_THE INPUT:_

○ ○ ○ ○

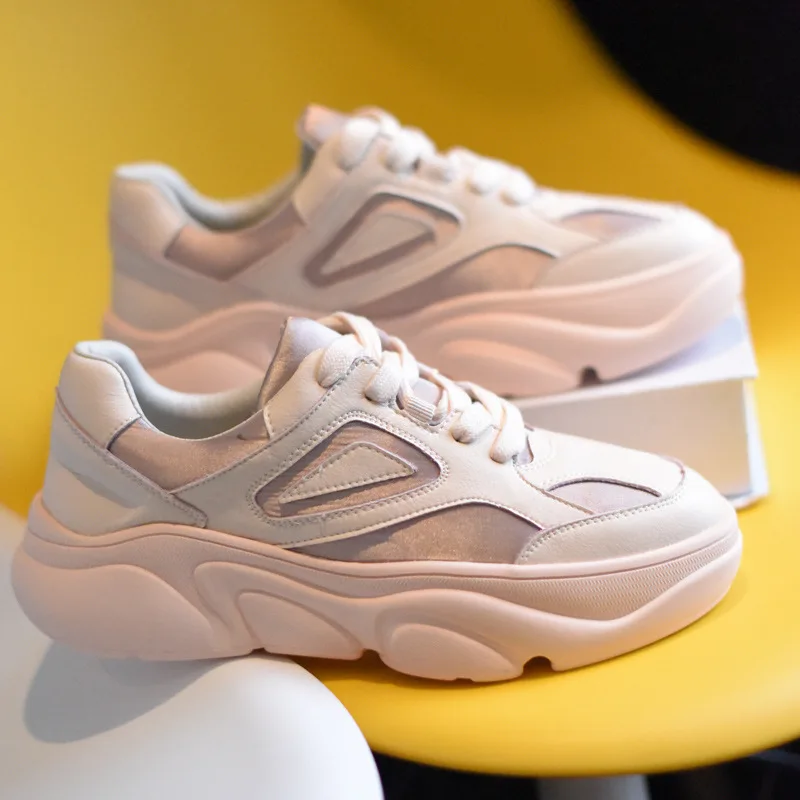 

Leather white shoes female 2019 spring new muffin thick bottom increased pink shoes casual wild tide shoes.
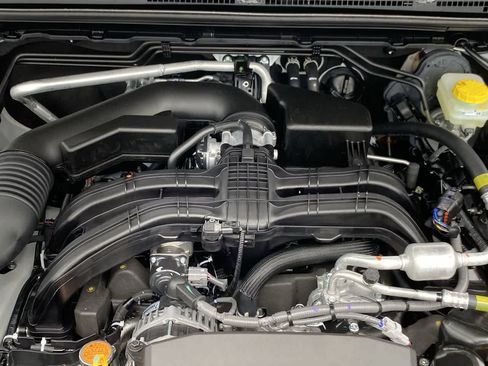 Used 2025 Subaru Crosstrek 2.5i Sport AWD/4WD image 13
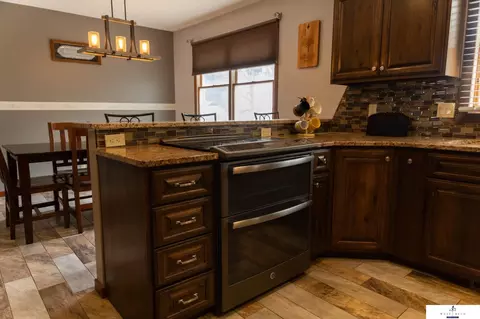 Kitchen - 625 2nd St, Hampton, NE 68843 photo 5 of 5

○ ○ ○ ○

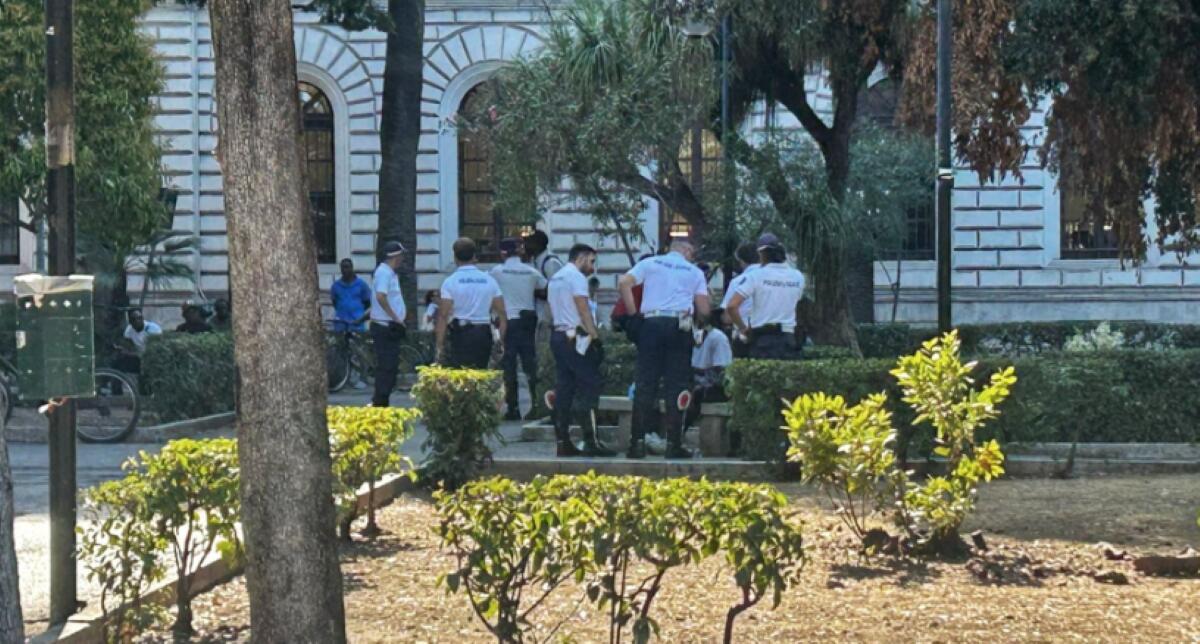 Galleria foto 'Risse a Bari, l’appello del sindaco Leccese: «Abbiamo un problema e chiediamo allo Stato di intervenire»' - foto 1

○ ○ ○ ○

_TASK TO CARRY OUT:_ From the entries above, copy exactly the lines starting at the one with "Leather white shoes" and stopping at the one with "Kitchen - 625", keeping both ends. Drop the pictures.

_TASK RESULT:_
Leather white shoes female 2019 spring new muffin thick bottom increased pink shoes casual wild tide shoes.
 Used 2025 Subaru Crosstrek 2.5i Sport AWD/4WD image 13
 Kitchen - 625 2nd St, Hampton, NE 68843 photo 5 of 5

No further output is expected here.